[INPUT FOR THIS TASK Boundary: Start]
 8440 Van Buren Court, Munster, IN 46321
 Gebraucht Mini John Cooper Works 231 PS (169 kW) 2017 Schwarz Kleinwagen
[INPUT FOR THIS TASK Boundary: End]
[INPUT FOR THIS TASK Boundary: Start]
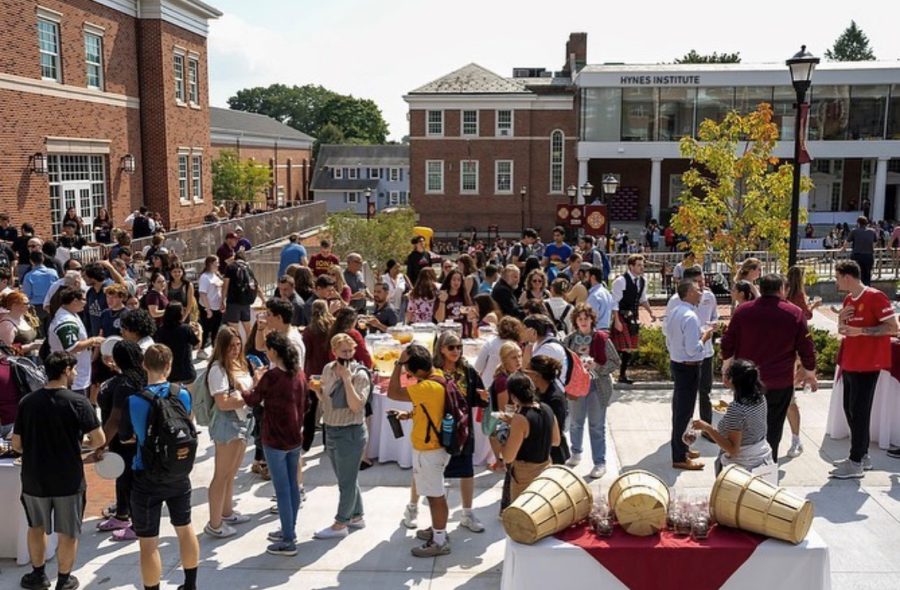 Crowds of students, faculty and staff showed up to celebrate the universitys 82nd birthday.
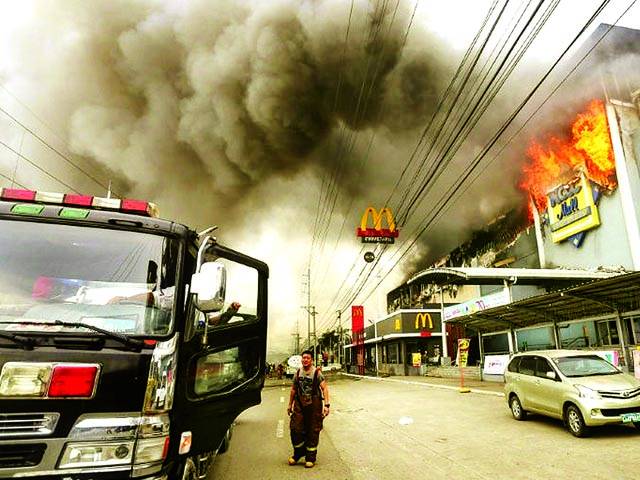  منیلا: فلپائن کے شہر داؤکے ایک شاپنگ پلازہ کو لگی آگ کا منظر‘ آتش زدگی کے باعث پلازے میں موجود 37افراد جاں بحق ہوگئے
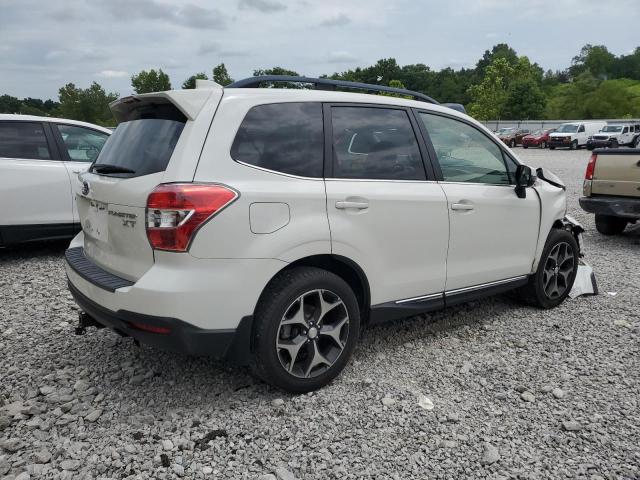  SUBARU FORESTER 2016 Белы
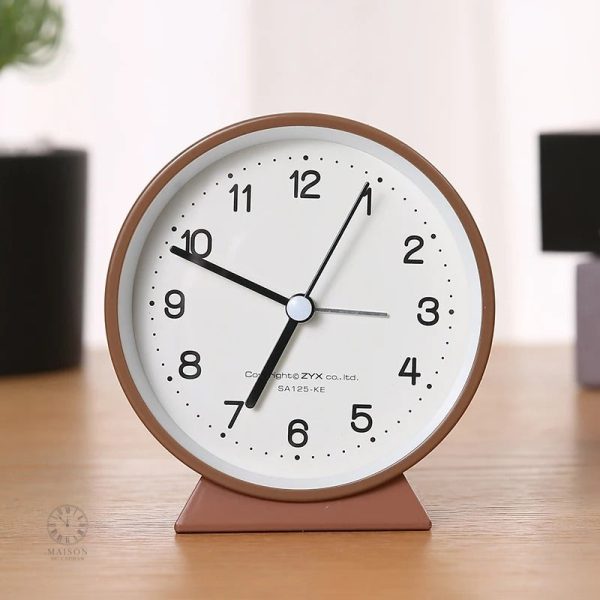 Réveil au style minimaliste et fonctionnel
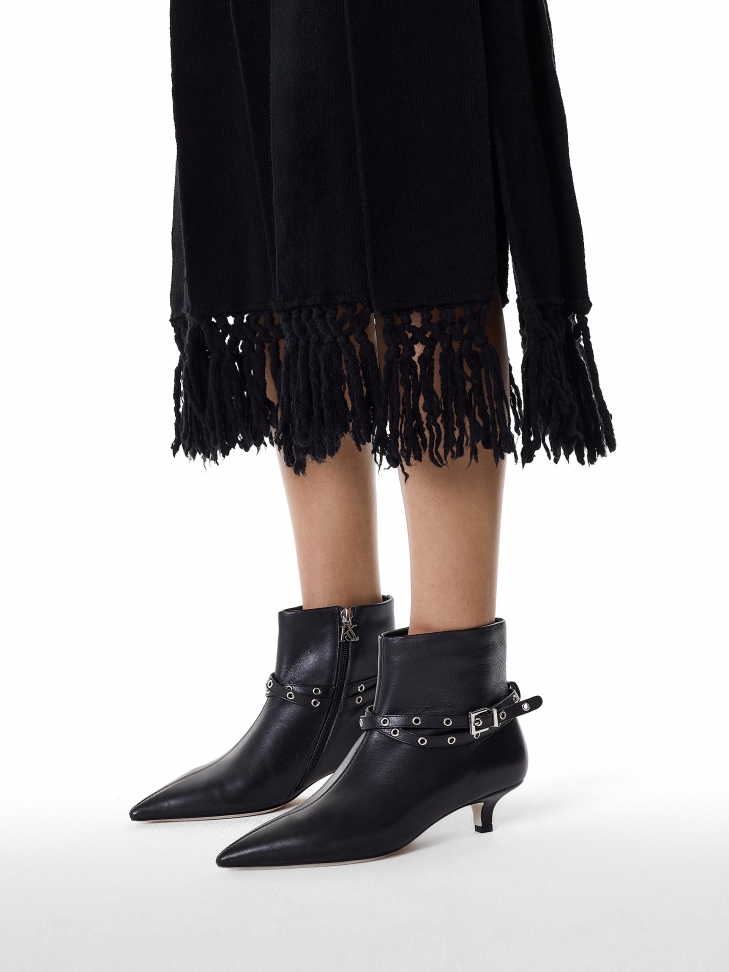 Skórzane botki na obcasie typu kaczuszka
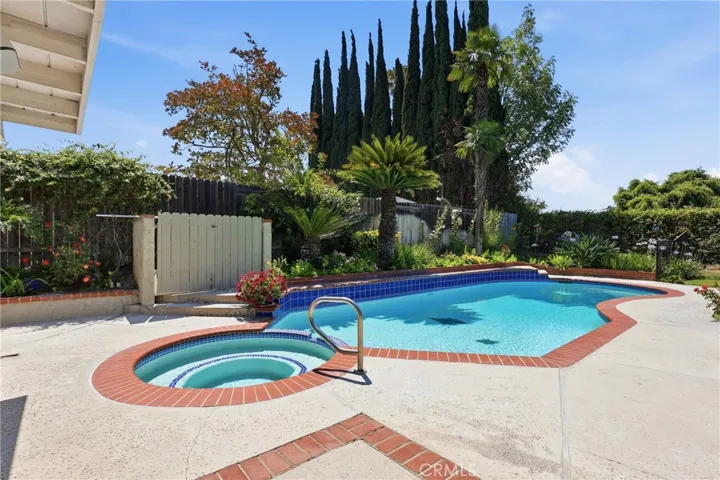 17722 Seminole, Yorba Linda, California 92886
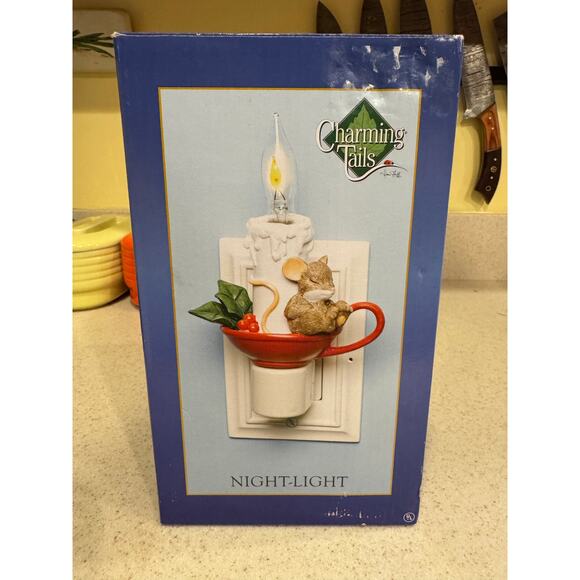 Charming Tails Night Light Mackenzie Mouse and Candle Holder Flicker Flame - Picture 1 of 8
[INPUT FOR THIS TASK Boundary: End]
TASK TO CARRY OUT :: Your reply should consist solely of the lines above from the line containing "منیلا: فلپائن کے" up to and including the line containing "Charming Tails Night", reproduced exactly, minus the pictures.

EXPECTED ANSWER ::
  منیلا: فلپائن کے شہر داؤکے ایک شاپنگ پلازہ کو لگی آگ کا منظر‘ آتش زدگی کے باعث پلازے میں موجود 37افراد جاں بحق ہوگئے
  SUBARU FORESTER 2016 Белы
 Réveil au style minimaliste et fonctionnel
 Skórzane botki na obcasie typu kaczuszka
 17722 Seminole, Yorba Linda, California 92886
 Charming Tails Night Light Mackenzie Mouse and Candle Holder Flicker Flame - Picture 1 of 8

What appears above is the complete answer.